Tier 2 - Risks, Mitigations and Impact Assessments
5.1 - Impact assessment
A DPIA was conducted for the NHS.UK reviews service and was updated in February 2024 to reflect the recent change from manual human moderation to the automoderation solution.
5.2 - Risks and mitigations
Risk of false negatives:
- While the safeguarding detection model has a high level of accuracy there is a residual risk of false negatives which here means users that may be in need of help that do not get correctly flagged. Failing to intervene in a timely manner in these cases has potentially harmful consequences.
- There is a small risk of false negatives from the names model which could result in someone being identified without their consent, this is more likely to occur for reviews with names that are also words e.g. Destiny.
- The names and safeguarding detection models can generate false negatives in long reviews due to BERT token limitation. Any names or safeguarding triggers in text after this token limit are not picked up by the model.
- False negatives from the complaints models could mean that complaints are not properly escalated through the appropriate route. Note that a false negative here simply means not signposting the reviewer towards the complaints process, and does not prevent a user from submitting a complaint independently of the reviews process.
- Mitigations: The names and safeguarding models are tuned to minimise false negatives. In the event they occur, care providers reading the reviews are able to manually flag comments that they think break policy, which then can be dealt with accordingly. There are also plans in place to continuously monitor the absolute and proportional rates of reviews breaking policy to ensure assumptions continue to hold (including the appearance of names that are also words being sufficiently rare). The monitoring dashboard for the NHS.UK Reviews service allows the development team to be able to easily monitor activity. Given the BERT token limit is already more generous than the majority of reviews, the risk of false negatives in long reviews is deemed low, however plans are in place to limit the front-end character limit in line with BERT limits.
Risk of false positives:
- False positives from any of the models have the potential to frustrate users if the tool does not publish their review and could undermine their trust in the reviews service. Users are likely to contest false positive cases, which could increase the workload of the human moderators.

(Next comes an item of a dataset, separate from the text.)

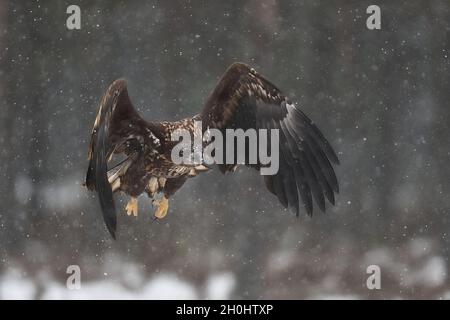 Eagle flight in snowfall Stock Photo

- False positives from the safeguarding model risk directing reviewers to innapropriate content regarding self-harm and suicidality. This could be confusing and frustrating to users, and possibly triggering in some cases.
- False positives in the complaints model would direct reviewers to raise formal complaints where there was no real need to do so, resulting in unnecessary costs for the NHS.
- Mitigations: Users do have a facility to contest the auto-moderation decision in most cases, which should lead to a resolution in a timely manner. There are plans in place to monitor the performance of the models overtime with the potential to retrain with more data or new methods to reduce false negatives or false positives. The complaints model was tuned such that the false positive rate was lowered as far as possible (at the price of other performance metrics).
Technology stability risk:
- If the Flask app or models break then users may find it difficult or impossible to leave a review, depending on the situation.
- Mitigations: The automoderation tool can be turned off and full control returned to in-house human moderators whilst any issue is resolved. Our alerting and one-click re-deploy scripts should minimise this down-time.
Malicious user risk:
- Malicious users could exploit the tool’s limits to publish reviews that break review policy.
- Mitigations: The risk of this is deemed tolerably low, given mitigations in place where care providers can still flag reviews that break policy.